*** Opening of THE DATA ***
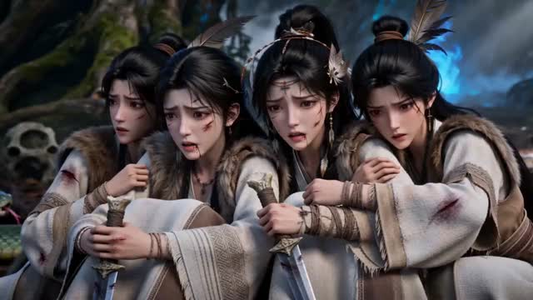 从凡血开始无限进化（55集）最后一集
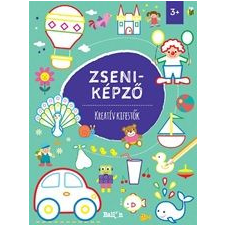 - Zseniképző - Kreatív kifestők egyéb könyv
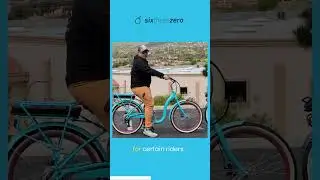 Experience Effortless Rides with Our Low Step-Through Electric Bike!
*** Close of THE DATA ***
Without including any pictures, print all of the material exactly as given.

 从凡血开始无限进化（55集）最后一集
 - Zseniképző - Kreatív kifestők egyéb könyv
 Experience Effortless Rides with Our Low Step-Through Electric Bike!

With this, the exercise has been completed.